I don’t mean to be so hard on her, but Longoria is just the latest example of an actor being in the exact right place at the exact right time and believing too much of his/her own hype. Longoria is a very attractive woman who has enough acting talent to get by, but beyond that she has never been able to stand-up next to any of her three Housewives costars. In fact, I think she further benefited from having her husband played by Ricardo Chavira, regularly giving one of the worst performances I’ve ever seen from a regular on series television. Chavira was, in my opinion, the shows one major flaw from the beginning.

In the mean time, Longoria is the youngest member of a group of established actresses. As much as I used to crush on Teri Hatcher around the same time I was able to interview her for Soapdish (and as great as she still looks when not appearing nearly anorexic), Longoria is the “young hot” one. The show became a pop culture phenomenon. Of course she’s going to hit most of the magazine covers. But is she a draw? Absolutely not. Nor will she be.

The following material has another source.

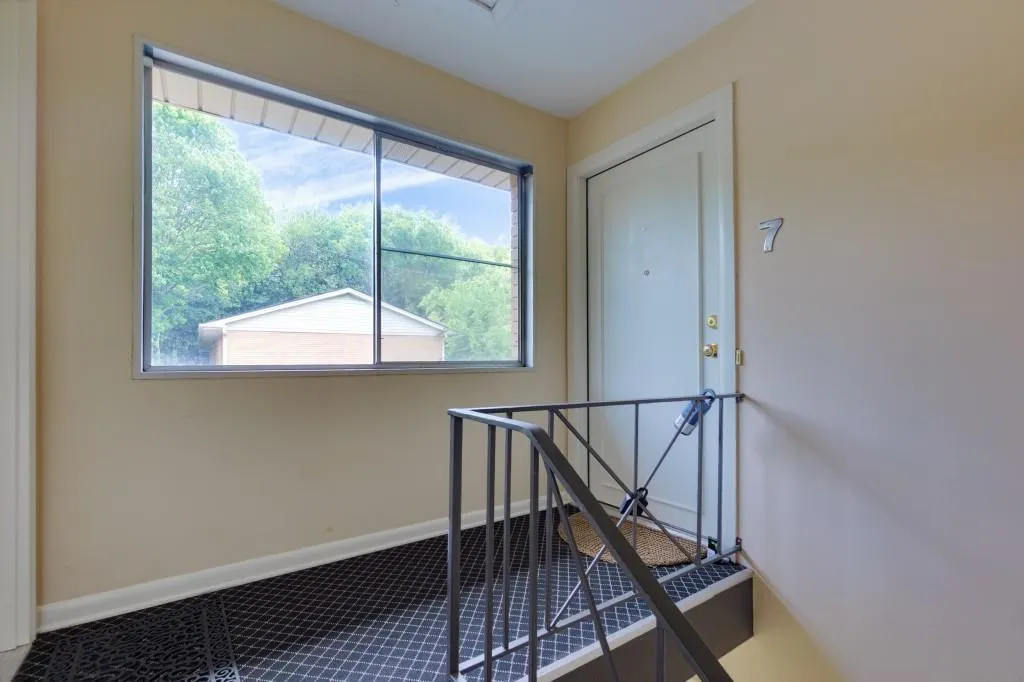 100 Biscayne Drive Nw Unit D7, Atlanta, Georgia 30309, 1 Bedroom Bedrooms, ,1 BathroomBathrooms,Residential,For Sale,100 Biscayne Drive Nw Unit D7,7574393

Of course, the most famous recent case of an actor believing his TV hype is David Caruso leaving NYPD Blue after its first season. It only took eight years, but he came back to TV and luckily he did so in the kind of show that was virtually talent/personality proof in today’s television landscape. Longoria may be much prettier, younger and sexier than Caruso was, but he’s got slightly more acting chops (key word, slightly: he actually doesn’t seem to have too much range after all) than her. Come to think of it, maybe she has more in common with Farrah Fawcett, who also felt destined for bigger things after a year of Charlie’s Angels. Maybe by 2015, she’ll either be the new Meredith Baxter/Judith Light/Sean Young, or we’ll see her on CSI: The Next Generation. Either way, I hope her handlers don’t let her head get that big, cause in 10 years, she could be the new Teri Hatcher, on another hit television show watching her late-20s costar get most of the hype. Although, even Farrah hasn’t managed that feat.

I’M CATCHING UP, SLOWLY-BUT-SURELY

Really, I am. The key to catching-up, I find, is keeping up. So I’m trying to actually write about and review films when the damn things come out. That’s why you’ve seen some more straight-forward posts (while maintaining my incredibly casual/unprofessional/whatever voice) as I talk about all these films that publicists have been kind enough to invite me to. Yet, I still find myself behind with my continuing lists of “posts-to-write-that-I-have-yet-to-write” as well as things that come-up day-by-day, many of which have fallen by the wayside.

And here we are with the new TV season fast approaching (or basically here, at least on Fox). Oh woe’s me … so much to watch, so much to do, not enough hours in the day, and my advancing age proving that I need to reserve more of them for sleep.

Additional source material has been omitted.